When the going gets tough, companies of all shapes and sizes look to “tighten their belts” to weather the storm. Belt tightening of course means cutting costs and since employees are the largest controllable expense in most businesses, they are often the first to go. Not far behind are company programs deemed nonessential to the business. Training and development programs are some of the first to disappear.
LET ME THINK ABOUT THIS . . .
Certainly corporate training at any level can be expensive, so it only stands to reason business leaders might see training as “bathwater” that can be discarded, forgetting the baby inside. The bathwater is the cost. Is it worth the time and effort to look for less expensive means of training in order to preserve the baby? Why should companies spend any money on training their employees?
Despite the depths of the great recession, corporate profits are at all-time highs, yet there is evidence the baby has yet to return. You may have read of the contemporary “skills gap.” You know, those articles about jobs going unfilled because companies cannot find candidates with the necessary skills.
Spend a little time on the Internet searching skills gap and you will find professional employment recruiting firms who claim the problem is due in large part to no company interest in training people to fill the jobs they have. Recruiters claim more and more businesses want employees who can “hit the ground running.” Why bother spending money on training and development?
However, hitting the ground running can be very dangerous if you don’t have any idea what you are doing, where you are going, and how you are supposed to get there. You can find multiple top ten reason lists for why companies need employee training and development, but when you cut to the essentials, there is only one reason you need to think about to demonstrate the need for training and development. That reason is customer satisfaction.

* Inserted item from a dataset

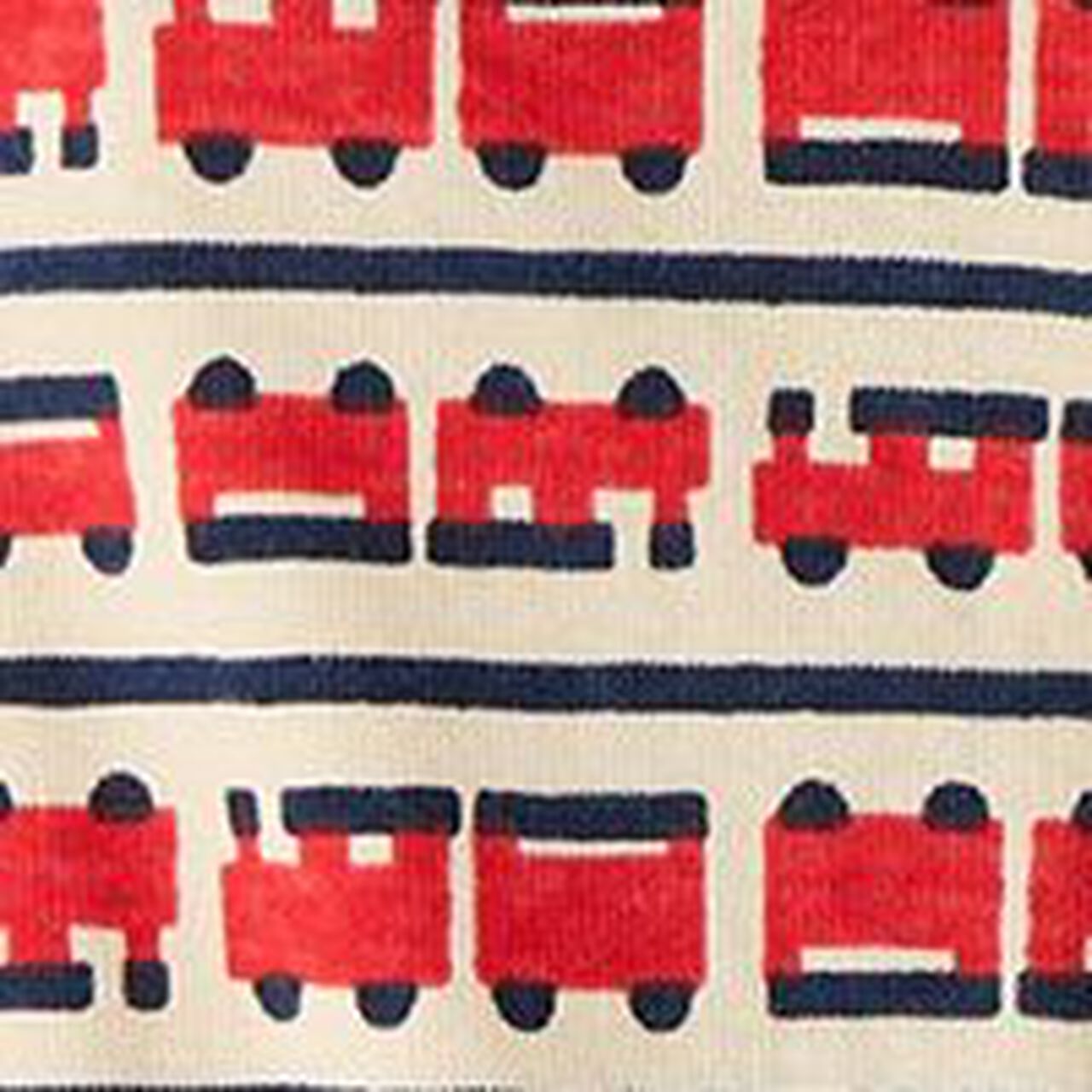 Holiday HannaJams™ Sleeper - Image 7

Employee satisfaction is one of the most frequently cited reasons for training and development. It is true that investing money in training is a demonstration a business means what it says when announcing to the world that its employees are their most important resource.
Certainly satisfied employees will take better care of customers than employees who don’t find much to like about what they do or where they work. But there is more to it than simple employee satisfaction.
Regardless of the type of business, customers want to deal with employees who know what they are talking about. Employees who hit the ground running the wrong way can cause lots of problems. Think of your own experiences as a customer. How frustrating is it to ask a question of an employee who is capable of doing nothing more than pleasantly smiling back at you?
Customers want knowledgeable employees. Customers want employees who know the business in which they work inside and out, backwards and forwards. Customers want employees who know enough to help them solve the problems they are facing, even to the point of suggesting alternatives the customer never considered.
It would be nice if some academic researcher somewhere took the time to sort through the thousands of customer service horror stories for commonalities. It’s a good bet many could be traced back to employees who didn’t know what they were doing. This applies to all businesses regardless of what they do. All businesses have customers of one sort or another. And they all want the same thing — knowledgeable employees. Rather than look for the tiny few who may already understand your business, isn’t it plain old common sense to hire quality people and train them?
Did you ever wonder if something other than price is driving consumers out of your business and into the waiting arms of a competitor or perhaps online merchants like Amazon? Could poor employee training have something to do with it? Would taking the time and trouble to head out to a local business only to be confronted by employees who clearly haven’t a clue about the products they are supposed to be selling have something to do with it?
Balance and Harmony, Inc. collaboratively focuses on the big picture while connecting planning, process, and people. We take an innovative, strategic, and holistic approach to creating a roadmap of success. Melinda has been helping organizations and individuals grow into excellence by creating focus, intention, and balance at work, home, and in life. She was named one of the first 200 in the nation as a Certified Professional Organizer and has a BA in Education. She has presented workshops in over 60 cities in 19 states. Training Topics included: Strategic Thinking, Teambuilding, Leadership Development and Teambuilding, Becoming a Highly Effective Team Leader, The Administrative Assistant’s Conference, The Conference for Women, and Organizational Development. Call today!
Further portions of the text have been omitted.